• Task to complete:
Where does the string "Rolls" appear in the records? Copy each line that holds it.

___

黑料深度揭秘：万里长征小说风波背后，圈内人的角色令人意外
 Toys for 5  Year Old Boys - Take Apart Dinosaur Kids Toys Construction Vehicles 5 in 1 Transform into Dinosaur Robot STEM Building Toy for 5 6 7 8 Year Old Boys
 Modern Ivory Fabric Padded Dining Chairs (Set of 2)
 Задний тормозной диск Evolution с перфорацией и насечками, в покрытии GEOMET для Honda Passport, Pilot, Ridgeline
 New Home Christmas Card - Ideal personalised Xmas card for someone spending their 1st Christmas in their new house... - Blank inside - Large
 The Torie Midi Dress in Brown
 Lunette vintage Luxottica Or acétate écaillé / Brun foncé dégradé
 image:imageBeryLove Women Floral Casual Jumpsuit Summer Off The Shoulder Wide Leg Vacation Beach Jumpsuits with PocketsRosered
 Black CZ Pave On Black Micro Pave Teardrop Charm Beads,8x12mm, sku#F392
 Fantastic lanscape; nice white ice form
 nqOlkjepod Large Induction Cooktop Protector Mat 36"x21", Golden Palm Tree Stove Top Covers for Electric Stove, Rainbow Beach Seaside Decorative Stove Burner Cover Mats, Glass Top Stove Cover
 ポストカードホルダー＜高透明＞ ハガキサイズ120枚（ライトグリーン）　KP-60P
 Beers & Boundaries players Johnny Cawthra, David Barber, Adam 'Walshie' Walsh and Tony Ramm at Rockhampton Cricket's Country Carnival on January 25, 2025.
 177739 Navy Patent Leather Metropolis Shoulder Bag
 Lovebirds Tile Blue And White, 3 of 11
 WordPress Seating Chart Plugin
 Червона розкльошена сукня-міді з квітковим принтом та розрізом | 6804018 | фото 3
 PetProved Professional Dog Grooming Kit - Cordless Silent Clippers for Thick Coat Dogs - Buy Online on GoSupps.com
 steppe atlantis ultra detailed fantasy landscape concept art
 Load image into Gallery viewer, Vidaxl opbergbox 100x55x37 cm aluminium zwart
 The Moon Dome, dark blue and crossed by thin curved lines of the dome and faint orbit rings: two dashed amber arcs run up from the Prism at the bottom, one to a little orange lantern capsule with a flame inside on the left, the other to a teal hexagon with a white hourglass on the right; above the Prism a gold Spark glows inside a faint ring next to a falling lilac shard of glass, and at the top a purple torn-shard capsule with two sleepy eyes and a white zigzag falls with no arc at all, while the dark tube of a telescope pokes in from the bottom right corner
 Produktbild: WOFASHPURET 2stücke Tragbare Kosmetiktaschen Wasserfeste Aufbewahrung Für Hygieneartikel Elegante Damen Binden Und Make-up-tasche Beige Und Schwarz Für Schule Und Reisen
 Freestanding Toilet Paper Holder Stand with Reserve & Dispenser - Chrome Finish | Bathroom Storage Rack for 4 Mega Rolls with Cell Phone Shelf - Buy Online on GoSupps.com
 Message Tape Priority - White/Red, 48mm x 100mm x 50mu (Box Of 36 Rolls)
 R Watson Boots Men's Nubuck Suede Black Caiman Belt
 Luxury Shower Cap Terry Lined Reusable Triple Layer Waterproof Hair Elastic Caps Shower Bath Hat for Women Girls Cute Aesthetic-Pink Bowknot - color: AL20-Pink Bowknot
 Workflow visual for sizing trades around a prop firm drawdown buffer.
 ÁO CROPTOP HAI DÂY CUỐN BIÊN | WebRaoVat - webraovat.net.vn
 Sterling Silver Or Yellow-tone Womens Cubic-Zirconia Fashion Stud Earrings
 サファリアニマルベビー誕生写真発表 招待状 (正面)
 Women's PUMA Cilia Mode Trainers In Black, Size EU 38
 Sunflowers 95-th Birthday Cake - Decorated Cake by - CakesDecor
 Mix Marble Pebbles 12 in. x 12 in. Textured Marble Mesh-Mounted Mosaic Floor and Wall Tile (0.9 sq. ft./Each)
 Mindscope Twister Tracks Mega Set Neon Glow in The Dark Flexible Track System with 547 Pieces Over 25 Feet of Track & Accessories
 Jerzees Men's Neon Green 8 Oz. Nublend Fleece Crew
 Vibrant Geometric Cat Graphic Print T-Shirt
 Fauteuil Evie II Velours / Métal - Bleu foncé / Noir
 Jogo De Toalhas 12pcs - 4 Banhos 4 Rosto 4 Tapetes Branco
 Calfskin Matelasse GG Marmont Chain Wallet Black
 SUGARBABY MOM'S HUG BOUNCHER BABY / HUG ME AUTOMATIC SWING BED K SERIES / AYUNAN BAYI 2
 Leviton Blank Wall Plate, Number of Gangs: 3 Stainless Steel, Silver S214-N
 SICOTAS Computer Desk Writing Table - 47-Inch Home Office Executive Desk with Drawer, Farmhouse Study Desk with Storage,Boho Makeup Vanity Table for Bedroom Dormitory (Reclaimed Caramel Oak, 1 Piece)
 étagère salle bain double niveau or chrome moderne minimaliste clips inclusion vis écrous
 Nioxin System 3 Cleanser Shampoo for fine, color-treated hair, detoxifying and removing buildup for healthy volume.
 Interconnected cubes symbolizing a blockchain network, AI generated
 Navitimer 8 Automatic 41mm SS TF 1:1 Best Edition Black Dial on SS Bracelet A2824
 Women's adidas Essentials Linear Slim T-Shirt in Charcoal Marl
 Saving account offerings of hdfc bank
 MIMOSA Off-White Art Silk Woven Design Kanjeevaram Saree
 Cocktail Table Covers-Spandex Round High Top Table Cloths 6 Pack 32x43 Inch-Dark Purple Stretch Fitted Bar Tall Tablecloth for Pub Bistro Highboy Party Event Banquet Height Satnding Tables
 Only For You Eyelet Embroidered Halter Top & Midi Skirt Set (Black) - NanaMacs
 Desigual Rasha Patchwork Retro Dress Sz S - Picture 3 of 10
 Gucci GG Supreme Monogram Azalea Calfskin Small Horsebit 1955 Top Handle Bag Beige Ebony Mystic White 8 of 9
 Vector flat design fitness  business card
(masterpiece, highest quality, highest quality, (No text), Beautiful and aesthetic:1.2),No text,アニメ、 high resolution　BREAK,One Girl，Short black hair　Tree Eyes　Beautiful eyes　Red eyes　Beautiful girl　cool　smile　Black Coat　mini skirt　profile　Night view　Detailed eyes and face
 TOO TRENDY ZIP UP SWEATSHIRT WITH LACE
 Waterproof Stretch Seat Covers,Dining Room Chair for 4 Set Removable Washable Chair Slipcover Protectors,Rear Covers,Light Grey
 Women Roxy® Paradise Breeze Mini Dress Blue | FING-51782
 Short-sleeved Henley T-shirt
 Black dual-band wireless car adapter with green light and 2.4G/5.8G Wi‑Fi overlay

___

• Completed task:
 Freestanding Toilet Paper Holder Stand with Reserve & Dispenser - Chrome Finish | Bathroom Storage Rack for 4 Mega Rolls with Cell Phone Shelf - Buy Online on GoSupps.com
 Message Tape Priority - White/Red, 48mm x 100mm x 50mu (Box Of 36 Rolls)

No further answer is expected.